How Healthcare Reform Affects You

Separating fact from fiction

What is the difference between a public option and a co-op plan?

A public option would be a government-run program, similar to Medicare or the Veterans healthcare system. To create a public option, Medicaid would be expanded to all individuals with incomes up to 133% (House) or 150% (Senate) of the federal poverty level. Like private insurers, the government would negotiate rates with providers. Supporters say a public option would force private insurers to be more competitive. Critics say this would put them out of business, making way for a government takeover of the entire insurance industry. They also argue that lower administrative costs and the ability to negotiate more favorable rates with physicians and other providers would give the government an unfair advantage.
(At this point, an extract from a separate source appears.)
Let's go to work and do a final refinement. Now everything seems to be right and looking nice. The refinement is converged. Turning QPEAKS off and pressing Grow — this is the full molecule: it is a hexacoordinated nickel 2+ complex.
A popular alternative to a public insurance option is the nonprofit health insurance cooperative, which could be formed at the national, state, or local level. A cooperative, like a credit union, is member-owned by the patients it insures and they negotiate rates. The appeal to supporters is that it’s not a government run program. Details must still be worked out, but the conventional wisdom is that the government would fund the start up of co-ops and then turn them over to their members.

Another idea being considered is a public option trigger. Private insurers would be given a series of benchmarks they must meet by a specific deadline. If they don’t, the government would be free to create a public insurance program. Senate Democrats and conservative House Blue Dog Democrats like the idea.

Under a new healthcare plan, would employers, including small businesses, be required to cover their workers?

A plan requiring businesses to provide insurance benefits for their employees will likely be included. That could mean that companies with more than 25 employees (or possibly 50) would have to provide insurance for their workers or pay a penalty. Smaller businesses would be exempted. A House bill would exempt firms with a payroll of less than $250,000 a year.

Will people lose their current coverage?

No. People will still have the choices they have today, and the government will work to expand the choice of doctors and plans for everyone.  Medicare would remain a critical part of any reformed system, according to the Center for American Progress think tank.